Marcovaldo or The Seasons in the City

Translated from the Italian by William Weaver

Author's note:

These stories take place in an industrial city of northern Italy. The first in the series were written in the early 1950s and thus are set in a very poor Italy, the Italy of neo-realistic movies. The last stories date from the mid-60s, when the illusions of an economic boom flourished.

I.C.

SPRING

1. Mushrooms in the city

The wind, coming to the city from far away, brings it unusual gifts, noticed by only a few sensitive souls, such as hay-fever victims, who sneeze at the pollen from flowers of other lands.

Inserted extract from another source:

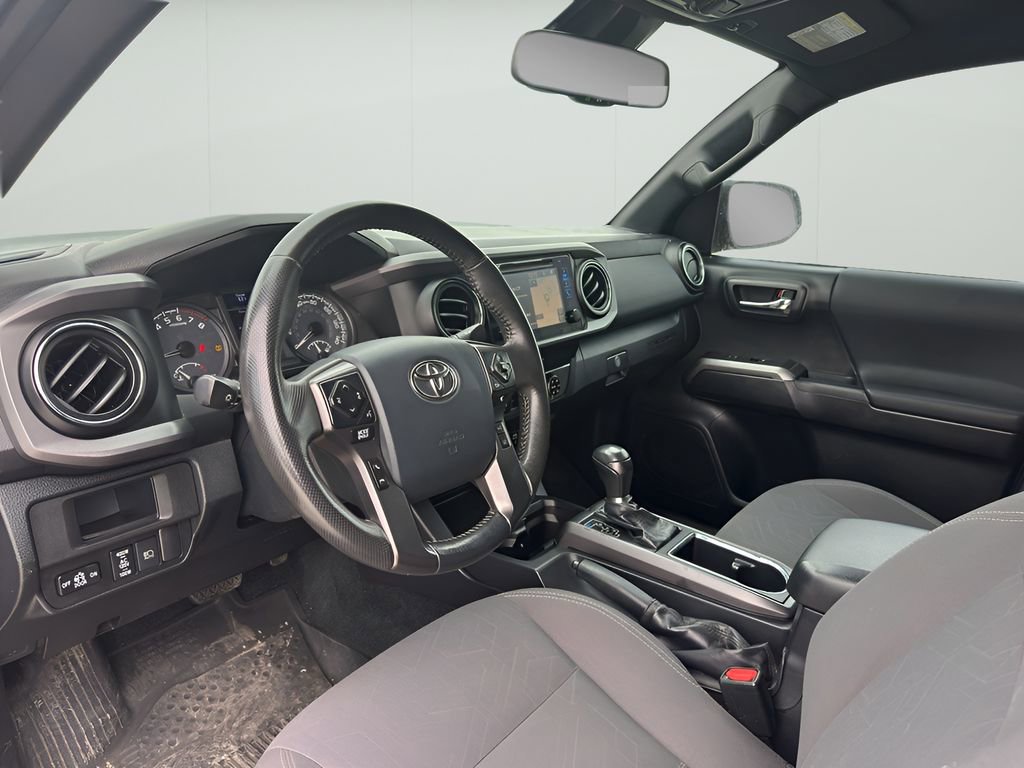 Used 2019 Toyota Tacoma TRD Off-Road w/ Technology Package image 14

One day, to the narrow strip of ground flanking a city avenue came a gust of spores from God knows where; and some mushrooms germinated. Nobody noticed them except Marcovaldo, the worker who caught his tram just there every morning.

This Marcovaldo possessed an eye ill-suited to city life: billboards, traffic-lights, shop-windows, neon signs, posters, no matter how carefully devised to catch the attention, never arrested his gaze, which might have been running over the desert sands. Instead, he would never miss a leaf yellowing on a branch, a feather trapped by a roof-tile; there was no horsefly on a horse's back, no worm-hole in a plank, or fig-peel squashed on the sidewalk that Marcovaldo didn't remark and ponder over, discovering the changes of season, the yearnings of his heart, and the woes of his existence.

Thus, one morning, as he was waiting for the tram that would take him to Sbav and Co., where he was employed as an unskilled laborer, he noticed something unusual near the stop, in the sterile, encrusted strip of earth beneath the avenue's line of trees; at certain points, near the tree trunks, some bumps seemed to rise and, here and there, they had opened, allowing roundish subterranean bodies to peep out.

Bending to tie his shoes, he took a better look: they were mushrooms, real mushrooms, sprouting right in the heart of the city! To Marcovaldo the gray and wretched world surrounding him seemed suddenly generous with hidden riches; something could still be expected of life, beyond the hourly wage of his stipulated salary, with inflation index, family grant, and cost-of-living allowance.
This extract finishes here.